00.lfl is the 'index file' - it tells zak.exe where to find everything else. SCUMM (in Zak) allowed 256 variables (i.e. it stores stuff in 8 bit integers). For comparison, SLUDGE, my favorite game creation utility, uses 16 bit integers, so it can have 65536 variables. I am always amazed at how Zak squeezes so much good stuff out of so little space. Back when I first finished Zak, I remember calculating how many rooms could be squeezed onto the available space (16 color bitmaps take up a certain amount of space and can only be squeezed a certain amount). I remember my sadness when I realised that I must have seen almost all the available locations - it was simply physically impossible to fit any more in. Years later, when I came to work on my own game, the first thing I checked was the flexibility in adding more rooms. That was the principle reason I chose SLUDGE instead of the market leader, Adventure Game Studio. AGS can create very big games, but for a number of reasons SLUDGE has the edge in my opinion. But enough about me.
The LFL files include various commands. If you have never programmed, this won't mean much to you. But if you have never programmed anything, you probably won't have read this far. A few typical commands are:
ACTOR_MODIFY(Actor, Value, Attribute, Args): 'Attribute' can be: (1) Change walking sound, (2) Change color, (3) Change name, (4) Change costume etc. 'Arg' is an argument to that attribute. For example, a color number, or a string (such as a character's name).

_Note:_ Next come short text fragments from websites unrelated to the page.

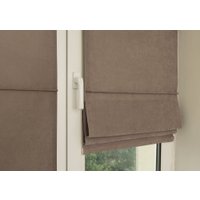 Римская штора Delfa Мини Diamond СШД-01М 554/224 (43x160, серо-бежевый)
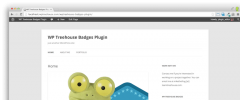 Official Treehouse Badges Widget and Shortcode screenshot 6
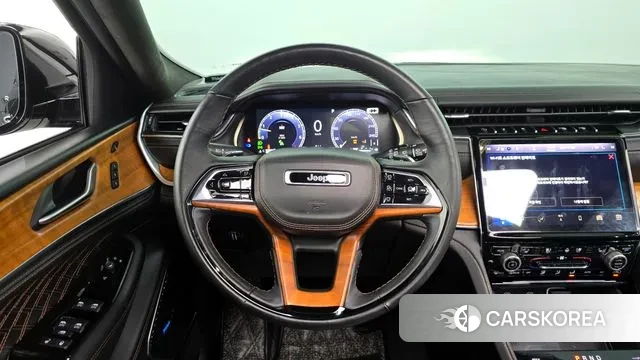 Jeep Grand Cherokee (WL) 2021 Черный из Кореи, фото 4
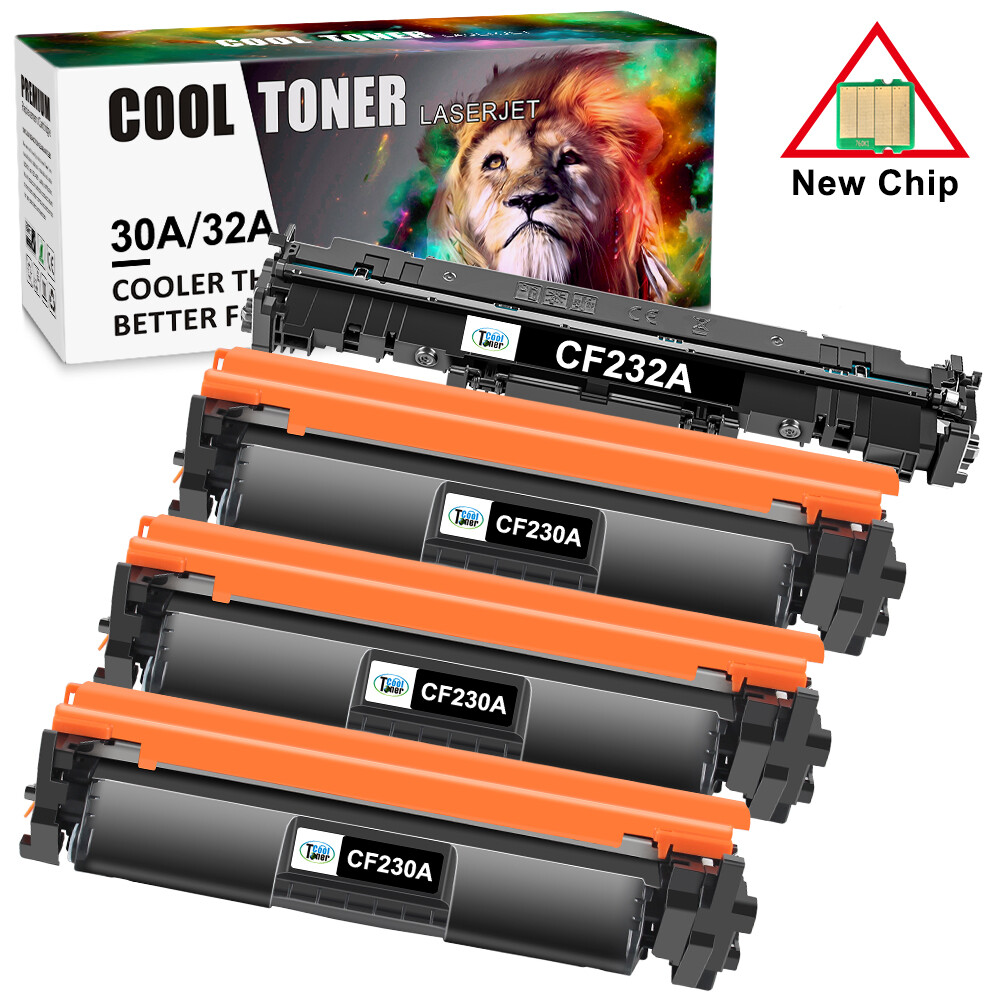 CF230X CF230A Toner CF232A Drum With HP LaserJet Pro M203dw M203dn M227fdn Lot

ACTOR_SAY(Actor, String) - makes Zak or another actor say something
ACTOR_GETROOM(Var, Actor) - finds out where an actor is, so that another command can use that information
SETVAR_IND(VarInd, Value) - sets a particular numbered variable
ACTOR_MOVETOROOM (GlbActor, Room)
As an example, when Zak looks at his mailbox, the code says something like
object door code
For more details, read Lloyd Rosen's excellent article 'SCUMM - The Infernal Machine.'
SCUMM bundles various other tools together - for music, animations, writing new code, placing objects in rooms, and so on. The 'exe' file (zak.exe) is SCUMM interpreter version 2, though version numbers were not used much until the next game, Monkey Island. In the days of Zak, SCUMM was still a new idea. Zak.exe contains the following parts:
- inven - for handling the inventory (the things you pick up and use - like the kazoo, cashcard, etc.)
- actor - for handling the characters (like Zak and Annie)
- room - for handling the rooms (like Zak's bedroom or 13th Avenue)
- script - for handling the instructions (like when Zak picks up something)
- sound - for sounds
- misc - for other stuff
Like all interpreters, zak.exe takes numbers from the LFL file and interprets them as something useful. A particular number will mean finding certain pixels and moving them from one place to another. Typical programming stuff. Some numbers are as follows. (Obviously, the meaning opf the numbers depends on their context):
11 [Actor][Command] - Commands actor:
10 Normal face
F5 Face right
F6 Face front
F7 Face back
F8 Face left
FF Stop walking
13 [Actor][Value][Property] - Set property of actor:
02 Body color
05 Text color
14 [Actor] - Actor # speaks
1E [Actor][LocX][LocY] - Actor walks to location.
1C [Sound #] - Plays sound.
2E (Delay) - Pauses.
and so on.
In the early versions, with very low resolution pictures, and only 16 possible colors, it is easy to see how a number and an offset can translate into a changed image on screen. As SCUMM evolved into higher resolution and more colors - the programmers have to rely on more sophisticated tools and the finished code looks more complicated.